Warethwa! (Cuidado!). Na verdade quando a xipalapala retumba, é preciso ter-se cuidado com o que vem das mãos e do corpo inteiro dos chopes. Da alma deles. Inabalável. Revolta. Insaciável. Quer dizer, Quissico - o vilarejo eleito - ressurge. Engrandece-se. Embevece. E é projectado para o mundo inteiro, de onde depois traz as pessoas do planeta para este lugar insignificante na sua geografia. Todos querem estar aqui para se embebedarem com a loucura da timbila. Delirarem com as diabruras esvoaçantes da mathchatchulani, que vai parecer uma gazela dançando livre nas savanas, nas manhãs, agradecendo à Deus pelo sol que raia com esplendor no crepúsculo..
Mas hoje em dia eu não sei se o M´saho ainda tem verve. Não sei se esta festa continua a resguardar o unguento dos tempos para amassajar as almas sedentas da secular música vertiginosa dos chopes. Não sei! Tenho as minhas dúvidas. Parece ser urgente e inadiável que se tenha em grande consideração o facto de estarmos perante um Património Cultural da Humanidade. Não que não haja esse respeito, mas a sensação que tenho é de que está-se a fazer pouco, começando pelo palco que acolhe as orquestras. Ou seja, para quem chega antes de começar o M´saho, e antes de chegarem as pessoas da assistência, regra geral o que se vê são pequenos sinais como dísticos apelativos com pouca chama em termos de imagem. E pior do que isso, olhando-se para o palco, a pergunta que vai surgir imediatamente será: é aqui onde vamos assistir às loucuras dos chopes? Na verdade o palco instalado não é de forma alguma digno de receber uma manifestação de tão elevado porte cultural.
É aqui provavelmente onde começa, ou se agudiza a contrariedade. Talvez a decepção.
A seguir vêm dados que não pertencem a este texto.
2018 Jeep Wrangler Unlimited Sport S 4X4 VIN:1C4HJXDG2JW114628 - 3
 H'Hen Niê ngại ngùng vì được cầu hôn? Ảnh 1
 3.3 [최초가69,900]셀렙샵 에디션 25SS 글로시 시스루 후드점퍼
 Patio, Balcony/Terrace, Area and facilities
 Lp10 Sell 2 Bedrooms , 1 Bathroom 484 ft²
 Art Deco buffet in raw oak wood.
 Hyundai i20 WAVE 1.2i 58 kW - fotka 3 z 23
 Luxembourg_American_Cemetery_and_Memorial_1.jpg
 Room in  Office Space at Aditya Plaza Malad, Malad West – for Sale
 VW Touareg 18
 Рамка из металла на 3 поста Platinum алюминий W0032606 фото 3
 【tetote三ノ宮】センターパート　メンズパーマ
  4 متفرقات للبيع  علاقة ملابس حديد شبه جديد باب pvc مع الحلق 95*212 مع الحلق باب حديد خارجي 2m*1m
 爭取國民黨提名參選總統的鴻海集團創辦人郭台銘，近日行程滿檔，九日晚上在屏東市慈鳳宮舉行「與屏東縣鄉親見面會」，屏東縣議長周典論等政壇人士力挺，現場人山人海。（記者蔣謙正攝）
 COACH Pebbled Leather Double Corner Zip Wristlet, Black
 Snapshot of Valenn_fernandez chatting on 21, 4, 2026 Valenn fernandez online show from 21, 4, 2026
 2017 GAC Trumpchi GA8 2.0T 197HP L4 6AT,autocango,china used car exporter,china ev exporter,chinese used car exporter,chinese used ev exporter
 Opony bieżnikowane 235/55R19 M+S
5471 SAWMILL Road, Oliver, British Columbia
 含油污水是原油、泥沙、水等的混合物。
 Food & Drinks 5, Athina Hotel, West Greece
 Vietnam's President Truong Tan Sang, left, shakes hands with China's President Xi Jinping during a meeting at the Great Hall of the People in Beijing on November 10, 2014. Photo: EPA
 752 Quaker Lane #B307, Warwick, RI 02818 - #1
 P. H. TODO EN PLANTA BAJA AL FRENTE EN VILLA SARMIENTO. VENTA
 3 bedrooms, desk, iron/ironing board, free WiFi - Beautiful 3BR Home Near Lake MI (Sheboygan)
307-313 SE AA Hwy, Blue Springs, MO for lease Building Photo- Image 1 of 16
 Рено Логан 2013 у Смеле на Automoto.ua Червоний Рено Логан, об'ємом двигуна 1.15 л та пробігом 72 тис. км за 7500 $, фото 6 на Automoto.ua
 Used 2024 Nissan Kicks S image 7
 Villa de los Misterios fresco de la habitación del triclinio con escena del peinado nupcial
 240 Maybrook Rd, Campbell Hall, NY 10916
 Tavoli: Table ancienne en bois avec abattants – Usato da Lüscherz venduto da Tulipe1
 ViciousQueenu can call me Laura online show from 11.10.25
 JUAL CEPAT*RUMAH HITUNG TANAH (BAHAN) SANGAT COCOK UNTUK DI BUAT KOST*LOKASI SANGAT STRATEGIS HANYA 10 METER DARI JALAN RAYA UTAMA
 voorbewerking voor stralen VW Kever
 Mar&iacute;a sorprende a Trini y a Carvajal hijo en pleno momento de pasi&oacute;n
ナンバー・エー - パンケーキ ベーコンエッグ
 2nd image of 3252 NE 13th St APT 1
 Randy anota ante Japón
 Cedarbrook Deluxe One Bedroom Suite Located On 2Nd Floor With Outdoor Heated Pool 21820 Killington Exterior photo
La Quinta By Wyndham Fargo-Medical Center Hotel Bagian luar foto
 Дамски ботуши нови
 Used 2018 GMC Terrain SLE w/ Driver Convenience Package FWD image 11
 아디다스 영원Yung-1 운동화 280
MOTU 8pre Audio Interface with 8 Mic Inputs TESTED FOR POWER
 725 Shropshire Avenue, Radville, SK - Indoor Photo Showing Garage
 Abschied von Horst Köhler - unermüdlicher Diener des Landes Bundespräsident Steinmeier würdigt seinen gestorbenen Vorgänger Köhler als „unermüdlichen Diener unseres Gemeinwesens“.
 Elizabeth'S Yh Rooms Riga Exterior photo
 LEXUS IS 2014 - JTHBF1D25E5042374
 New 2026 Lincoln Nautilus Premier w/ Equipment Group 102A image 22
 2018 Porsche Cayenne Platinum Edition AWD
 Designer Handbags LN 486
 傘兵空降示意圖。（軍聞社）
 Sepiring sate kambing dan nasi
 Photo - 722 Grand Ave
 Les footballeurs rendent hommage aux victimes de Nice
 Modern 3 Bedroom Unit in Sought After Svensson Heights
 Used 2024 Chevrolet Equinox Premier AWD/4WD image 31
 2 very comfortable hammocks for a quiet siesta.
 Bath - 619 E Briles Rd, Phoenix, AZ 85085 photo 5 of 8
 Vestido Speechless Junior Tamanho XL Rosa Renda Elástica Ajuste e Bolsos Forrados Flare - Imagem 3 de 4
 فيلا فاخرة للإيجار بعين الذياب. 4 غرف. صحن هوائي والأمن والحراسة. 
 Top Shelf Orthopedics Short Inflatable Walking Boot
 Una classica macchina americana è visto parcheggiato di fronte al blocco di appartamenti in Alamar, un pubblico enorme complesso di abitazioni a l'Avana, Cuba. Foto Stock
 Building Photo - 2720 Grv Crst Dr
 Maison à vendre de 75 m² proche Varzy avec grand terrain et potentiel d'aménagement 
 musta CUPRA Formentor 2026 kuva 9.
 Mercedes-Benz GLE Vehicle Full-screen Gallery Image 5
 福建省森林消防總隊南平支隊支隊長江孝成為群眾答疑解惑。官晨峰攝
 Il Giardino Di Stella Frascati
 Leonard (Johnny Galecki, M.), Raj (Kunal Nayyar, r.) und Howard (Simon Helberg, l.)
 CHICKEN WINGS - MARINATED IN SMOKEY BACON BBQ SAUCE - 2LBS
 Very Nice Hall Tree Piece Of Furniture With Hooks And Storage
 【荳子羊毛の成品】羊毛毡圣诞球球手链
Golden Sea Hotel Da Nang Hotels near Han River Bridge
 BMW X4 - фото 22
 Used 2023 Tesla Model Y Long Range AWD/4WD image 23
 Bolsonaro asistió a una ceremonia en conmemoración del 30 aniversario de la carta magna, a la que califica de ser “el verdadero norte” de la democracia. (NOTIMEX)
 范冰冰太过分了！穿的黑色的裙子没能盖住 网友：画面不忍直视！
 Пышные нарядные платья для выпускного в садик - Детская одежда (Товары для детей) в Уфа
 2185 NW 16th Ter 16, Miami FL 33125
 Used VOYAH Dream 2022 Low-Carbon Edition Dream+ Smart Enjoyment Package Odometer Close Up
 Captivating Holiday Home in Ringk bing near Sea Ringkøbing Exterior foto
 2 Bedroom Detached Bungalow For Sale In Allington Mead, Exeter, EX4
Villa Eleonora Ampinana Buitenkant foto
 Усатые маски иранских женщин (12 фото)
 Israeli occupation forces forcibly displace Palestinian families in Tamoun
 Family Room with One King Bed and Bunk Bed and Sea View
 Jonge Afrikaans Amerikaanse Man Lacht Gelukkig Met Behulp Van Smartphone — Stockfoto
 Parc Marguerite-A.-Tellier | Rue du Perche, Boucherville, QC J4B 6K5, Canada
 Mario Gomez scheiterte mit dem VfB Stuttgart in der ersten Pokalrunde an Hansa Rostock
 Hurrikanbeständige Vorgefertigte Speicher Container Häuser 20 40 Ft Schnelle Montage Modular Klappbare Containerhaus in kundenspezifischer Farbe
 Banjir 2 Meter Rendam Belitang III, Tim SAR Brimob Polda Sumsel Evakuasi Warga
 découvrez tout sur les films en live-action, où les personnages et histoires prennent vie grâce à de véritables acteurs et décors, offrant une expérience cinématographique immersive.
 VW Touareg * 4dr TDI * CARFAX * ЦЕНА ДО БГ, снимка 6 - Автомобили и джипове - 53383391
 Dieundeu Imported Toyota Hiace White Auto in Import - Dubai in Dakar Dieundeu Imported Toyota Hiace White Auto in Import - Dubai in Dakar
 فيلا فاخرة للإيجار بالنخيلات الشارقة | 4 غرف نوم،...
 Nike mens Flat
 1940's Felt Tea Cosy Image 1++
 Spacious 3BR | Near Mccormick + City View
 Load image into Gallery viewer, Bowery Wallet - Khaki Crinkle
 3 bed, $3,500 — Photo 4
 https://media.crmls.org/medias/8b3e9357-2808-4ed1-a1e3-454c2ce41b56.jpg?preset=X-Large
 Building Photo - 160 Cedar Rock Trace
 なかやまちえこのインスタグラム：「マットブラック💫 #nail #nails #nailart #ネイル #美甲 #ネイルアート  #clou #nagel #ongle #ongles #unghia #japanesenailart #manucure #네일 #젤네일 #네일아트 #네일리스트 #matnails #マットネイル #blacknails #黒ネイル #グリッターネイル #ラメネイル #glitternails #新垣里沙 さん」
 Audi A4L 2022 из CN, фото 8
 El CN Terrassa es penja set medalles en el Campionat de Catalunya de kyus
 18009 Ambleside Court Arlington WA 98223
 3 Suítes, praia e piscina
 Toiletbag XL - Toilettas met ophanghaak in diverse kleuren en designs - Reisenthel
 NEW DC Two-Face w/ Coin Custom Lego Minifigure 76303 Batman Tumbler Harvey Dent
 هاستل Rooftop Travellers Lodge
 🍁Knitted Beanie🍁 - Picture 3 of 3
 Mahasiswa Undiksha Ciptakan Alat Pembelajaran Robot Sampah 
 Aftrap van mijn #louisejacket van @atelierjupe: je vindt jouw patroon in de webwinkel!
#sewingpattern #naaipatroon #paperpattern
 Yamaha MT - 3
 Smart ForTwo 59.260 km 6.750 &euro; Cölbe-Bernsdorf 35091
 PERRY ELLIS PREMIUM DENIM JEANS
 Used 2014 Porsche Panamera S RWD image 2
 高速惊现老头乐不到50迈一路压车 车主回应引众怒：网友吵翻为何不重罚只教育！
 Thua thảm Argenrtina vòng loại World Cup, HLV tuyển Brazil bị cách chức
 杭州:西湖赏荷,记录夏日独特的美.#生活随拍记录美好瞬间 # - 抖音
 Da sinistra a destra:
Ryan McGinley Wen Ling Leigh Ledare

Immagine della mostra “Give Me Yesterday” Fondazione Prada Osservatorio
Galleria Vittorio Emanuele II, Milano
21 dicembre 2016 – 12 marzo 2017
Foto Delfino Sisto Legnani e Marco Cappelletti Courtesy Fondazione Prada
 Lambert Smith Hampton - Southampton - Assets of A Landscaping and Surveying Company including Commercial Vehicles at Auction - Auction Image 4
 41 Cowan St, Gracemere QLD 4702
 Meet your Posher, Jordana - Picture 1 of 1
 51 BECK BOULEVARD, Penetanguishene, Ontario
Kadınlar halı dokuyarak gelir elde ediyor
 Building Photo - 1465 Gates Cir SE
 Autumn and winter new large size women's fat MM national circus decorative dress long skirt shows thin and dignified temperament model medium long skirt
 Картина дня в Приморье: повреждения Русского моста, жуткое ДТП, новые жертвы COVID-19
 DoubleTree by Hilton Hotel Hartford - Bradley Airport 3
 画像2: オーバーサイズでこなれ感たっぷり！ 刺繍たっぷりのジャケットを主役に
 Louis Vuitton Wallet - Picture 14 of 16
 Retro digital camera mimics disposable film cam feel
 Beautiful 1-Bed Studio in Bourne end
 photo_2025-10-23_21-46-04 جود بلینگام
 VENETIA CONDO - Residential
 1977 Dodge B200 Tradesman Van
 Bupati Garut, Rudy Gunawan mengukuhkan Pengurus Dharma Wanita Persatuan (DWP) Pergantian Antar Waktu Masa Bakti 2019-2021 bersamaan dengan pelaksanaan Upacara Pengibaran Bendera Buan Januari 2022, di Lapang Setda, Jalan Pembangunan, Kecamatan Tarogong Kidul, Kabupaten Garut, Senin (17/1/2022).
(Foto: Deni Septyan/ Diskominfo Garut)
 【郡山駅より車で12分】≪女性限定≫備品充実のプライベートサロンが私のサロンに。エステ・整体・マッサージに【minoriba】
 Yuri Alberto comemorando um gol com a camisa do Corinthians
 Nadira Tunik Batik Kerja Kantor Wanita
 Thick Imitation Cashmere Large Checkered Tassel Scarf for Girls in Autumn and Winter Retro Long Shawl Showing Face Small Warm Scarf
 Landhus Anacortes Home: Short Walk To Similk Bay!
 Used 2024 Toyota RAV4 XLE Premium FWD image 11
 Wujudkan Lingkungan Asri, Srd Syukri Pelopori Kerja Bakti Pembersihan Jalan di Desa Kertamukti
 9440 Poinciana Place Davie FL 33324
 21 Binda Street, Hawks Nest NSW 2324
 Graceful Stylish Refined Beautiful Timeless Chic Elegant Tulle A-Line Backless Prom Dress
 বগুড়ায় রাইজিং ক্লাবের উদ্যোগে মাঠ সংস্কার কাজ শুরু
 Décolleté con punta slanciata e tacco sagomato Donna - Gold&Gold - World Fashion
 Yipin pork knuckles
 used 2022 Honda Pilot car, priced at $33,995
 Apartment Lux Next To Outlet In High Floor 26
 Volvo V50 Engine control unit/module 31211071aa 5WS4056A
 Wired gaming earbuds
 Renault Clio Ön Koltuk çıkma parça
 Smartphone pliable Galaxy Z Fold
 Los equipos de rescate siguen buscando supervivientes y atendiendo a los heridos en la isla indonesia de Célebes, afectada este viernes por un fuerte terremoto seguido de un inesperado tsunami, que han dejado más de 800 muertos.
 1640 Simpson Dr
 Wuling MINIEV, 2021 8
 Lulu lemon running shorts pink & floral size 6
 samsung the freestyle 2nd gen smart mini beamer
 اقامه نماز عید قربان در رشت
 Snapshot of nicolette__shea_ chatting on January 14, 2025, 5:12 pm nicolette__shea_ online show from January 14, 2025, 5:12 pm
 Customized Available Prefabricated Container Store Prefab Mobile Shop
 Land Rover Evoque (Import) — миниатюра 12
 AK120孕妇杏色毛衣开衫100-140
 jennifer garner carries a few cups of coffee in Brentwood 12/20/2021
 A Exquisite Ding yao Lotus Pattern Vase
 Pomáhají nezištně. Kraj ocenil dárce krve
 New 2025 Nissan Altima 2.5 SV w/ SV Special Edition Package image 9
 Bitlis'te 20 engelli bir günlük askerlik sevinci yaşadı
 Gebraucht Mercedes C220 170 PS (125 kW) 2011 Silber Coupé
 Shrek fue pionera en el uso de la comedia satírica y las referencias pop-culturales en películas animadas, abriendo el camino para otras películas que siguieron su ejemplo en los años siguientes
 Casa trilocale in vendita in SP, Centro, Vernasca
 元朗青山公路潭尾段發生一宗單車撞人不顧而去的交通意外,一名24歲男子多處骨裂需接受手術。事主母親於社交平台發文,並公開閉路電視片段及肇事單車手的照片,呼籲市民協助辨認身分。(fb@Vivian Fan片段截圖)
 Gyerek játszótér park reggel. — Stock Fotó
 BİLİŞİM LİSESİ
Os executantes são acolhidos naquilo que tende mais para um alpendre carrancudo, do que propriamente para um palco. Quem construiu aquilo provavelmente não tem sensibilidade sobre o que é um festival desta dimensão, sobre a grandeza da timbila no mundo. Não só temos na obra os irritantes pilares múltiplos, como também o tecto atarracado, sufocando os artistas e aqueles que estão sentados nas bancadas.
Em conversa oportuna com Filimone Meigos (director do ISARC) e Rufas Maculuve, músico e professor de música na mesma instituição, eles também indignaram-se com o palco que deve ser repensado urgentemente para os próximos festivais. O lugar tem um tesouro invejável que são as Lagoas de Quissico, esplendorosas, algo que não pode passar despercebido durante o evento. As Lagoas de Quissico devem fazer parte do Festival. E fazer com que aquela paisagem seja pertença do M´saho, passa necessariamente por repensar o palco.
É imperioso e urgente levar as coisas mais a sério, porque aqueles que vão à Quissico pelas alturas do M´saho, querem ver a beleza em si estampada em todo o lado. Os estrangeiros em particular, vão para ali porque já ouviram falar desta manifestação cultural e sabem que é Património Cultural da Humanidade. Sabem que a festa da timbila é elevada, então os organizadores precisam de corresponder à todas as expectativas, tornando o festival num importante eixo que deve passar também pela capacidade de fazer a comunicação e imagem. O Marketing. E espreitar aquilo que se faz noutros eventos pelo mundo fora, porque o M´saho tem dimesão mundial. E em tendo uma dimensão universal, é preciso fazer algo que justifique isso.